# Task statement:
Starting at the line below that contains "BESTYASH Floor Jack" and ending at the line that contains "Imagen 2 de", retype each line exactly as it stands, but omit the pictures.

# Material for this exercise:

■ ■ ■

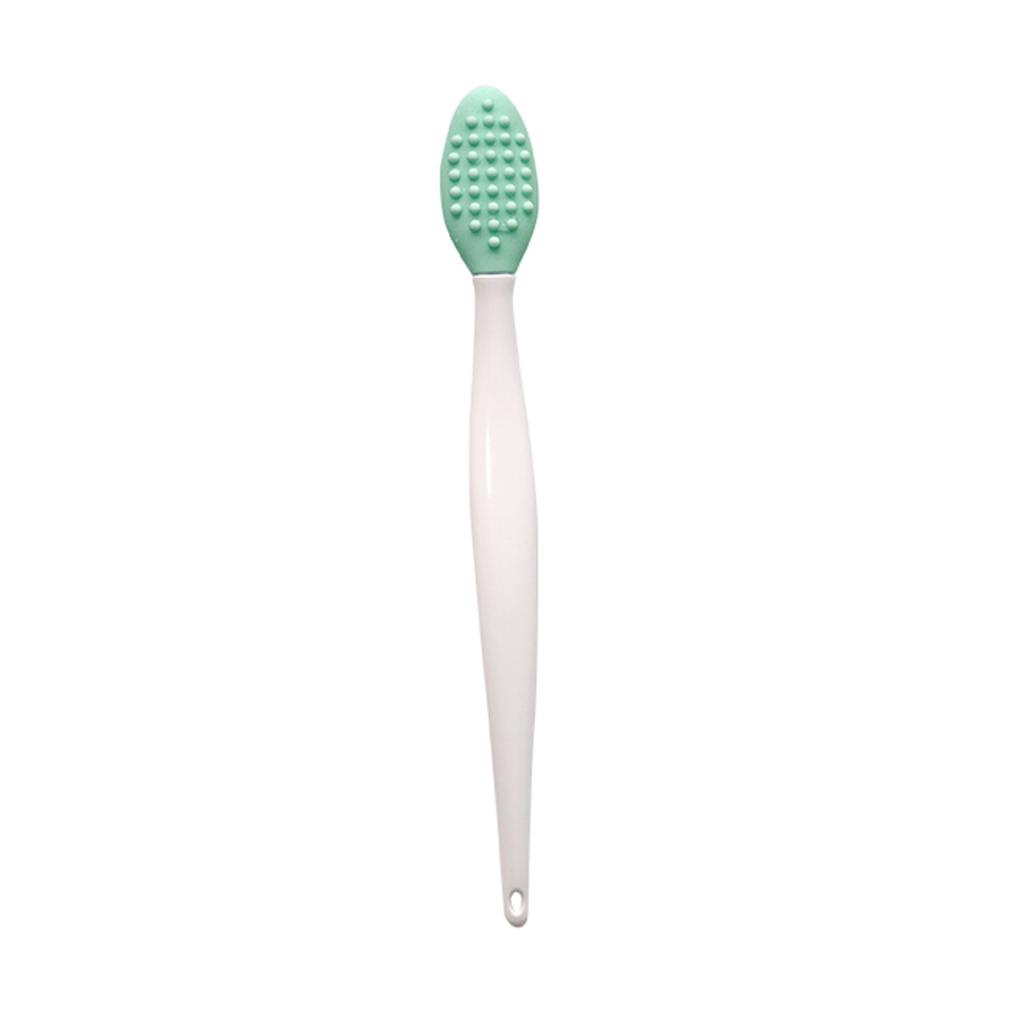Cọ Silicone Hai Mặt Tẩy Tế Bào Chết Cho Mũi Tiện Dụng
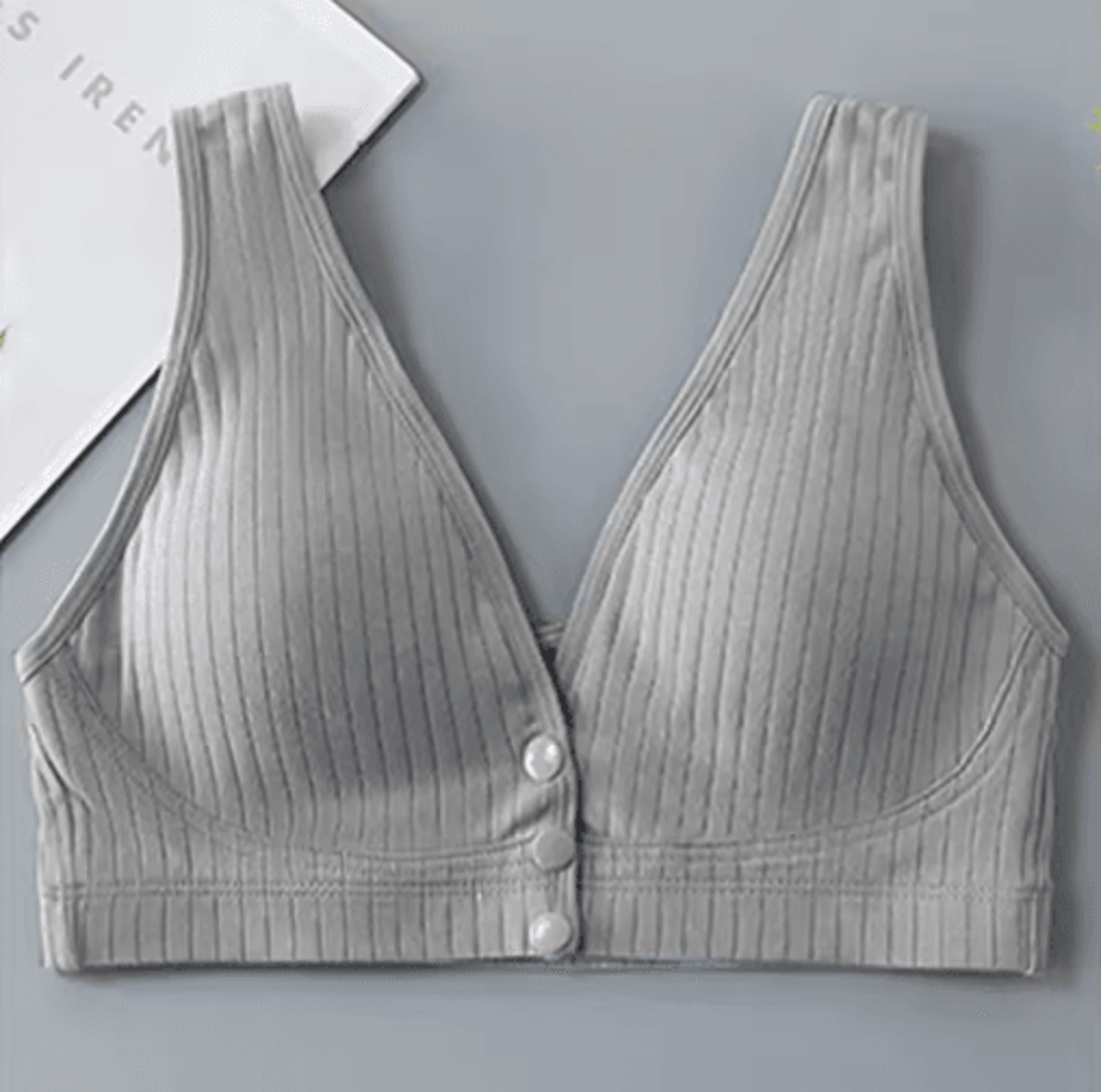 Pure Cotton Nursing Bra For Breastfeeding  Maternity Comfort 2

■ ■ ■

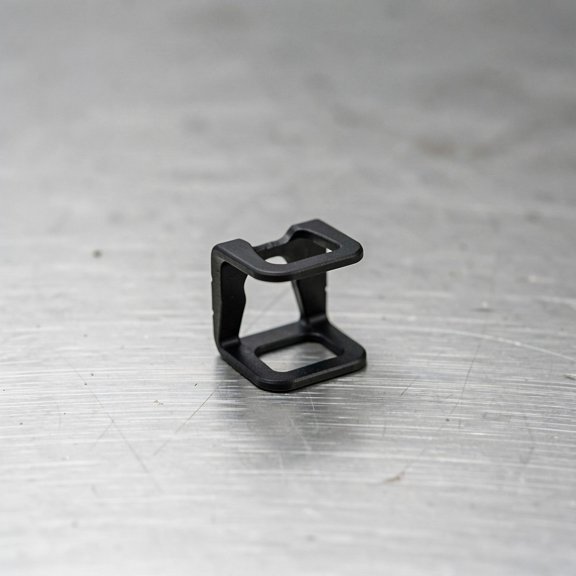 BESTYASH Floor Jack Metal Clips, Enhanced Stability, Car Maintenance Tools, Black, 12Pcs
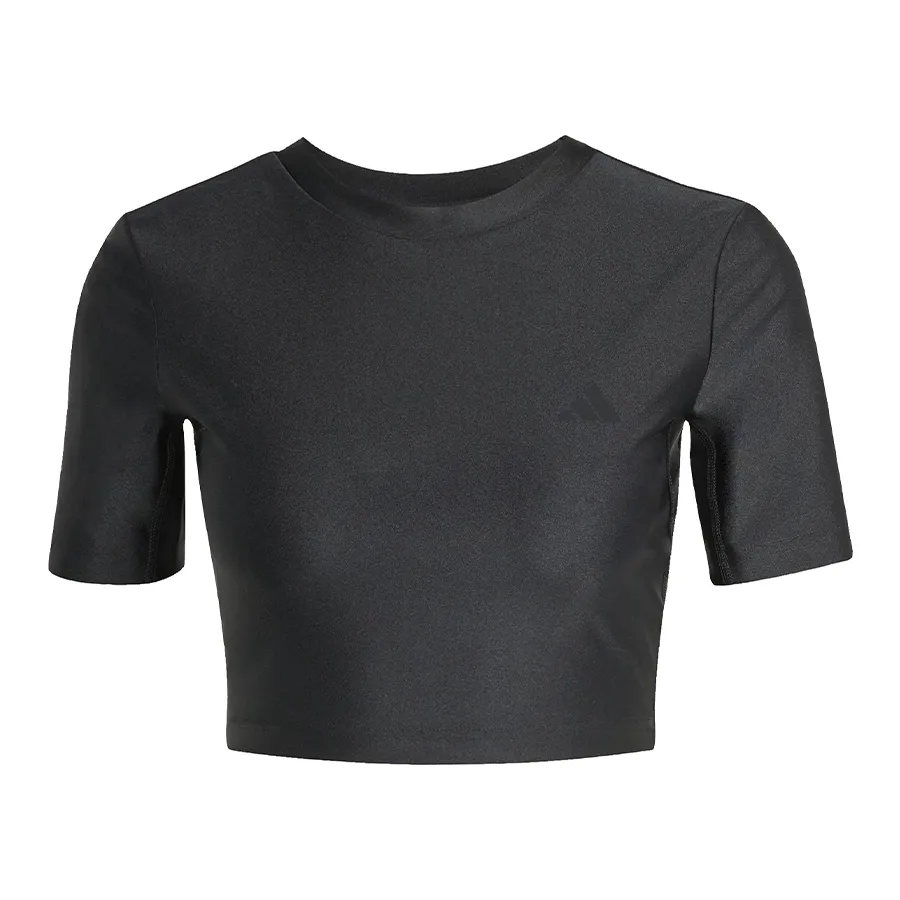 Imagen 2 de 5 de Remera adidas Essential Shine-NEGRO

■ ■ ■

# Your solution:
 BESTYASH Floor Jack Metal Clips, Enhanced Stability, Car Maintenance Tools, Black, 12Pcs
 Imagen 2 de 5 de Remera adidas Essential Shine-NEGRO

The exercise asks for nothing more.